_Problem requirements_: Return the following from the records below: each line, word for word, starting with the line that contains "Volvo Xc90 *" and going on through the line that contains "Battlefield: Bad Company", with nothing outside that range.
++++++++++
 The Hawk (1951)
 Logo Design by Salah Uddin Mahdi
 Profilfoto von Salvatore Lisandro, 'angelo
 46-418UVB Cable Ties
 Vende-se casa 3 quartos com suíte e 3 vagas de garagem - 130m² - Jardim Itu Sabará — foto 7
++++++++++
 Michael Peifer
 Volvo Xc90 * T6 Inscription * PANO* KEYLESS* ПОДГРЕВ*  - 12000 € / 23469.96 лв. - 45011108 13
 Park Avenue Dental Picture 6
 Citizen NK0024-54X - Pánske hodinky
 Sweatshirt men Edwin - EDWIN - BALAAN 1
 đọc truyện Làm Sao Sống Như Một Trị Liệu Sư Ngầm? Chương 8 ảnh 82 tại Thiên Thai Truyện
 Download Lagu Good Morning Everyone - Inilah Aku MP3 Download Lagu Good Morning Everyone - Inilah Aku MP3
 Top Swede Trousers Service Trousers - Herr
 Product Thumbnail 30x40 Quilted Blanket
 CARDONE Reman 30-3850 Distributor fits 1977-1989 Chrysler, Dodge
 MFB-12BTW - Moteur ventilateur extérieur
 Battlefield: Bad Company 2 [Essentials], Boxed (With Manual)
++++++++++
_Written response_:
 Volvo Xc90 * T6 Inscription * PANO* KEYLESS* ПОДГРЕВ*  - 12000 € / 23469.96 лв. - 45011108 13
 Park Avenue Dental Picture 6
 Citizen NK0024-54X - Pánske hodinky
 Sweatshirt men Edwin - EDWIN - BALAAN 1
 đọc truyện Làm Sao Sống Như Một Trị Liệu Sư Ngầm? Chương 8 ảnh 82 tại Thiên Thai Truyện
 Download Lagu Good Morning Everyone - Inilah Aku MP3 Download Lagu Good Morning Everyone - Inilah Aku MP3
 Top Swede Trousers Service Trousers - Herr
 Product Thumbnail 30x40 Quilted Blanket
 CARDONE Reman 30-3850 Distributor fits 1977-1989 Chrysler, Dodge
 MFB-12BTW - Moteur ventilateur extérieur
 Battlefield: Bad Company 2 [Essentials], Boxed (With Manual)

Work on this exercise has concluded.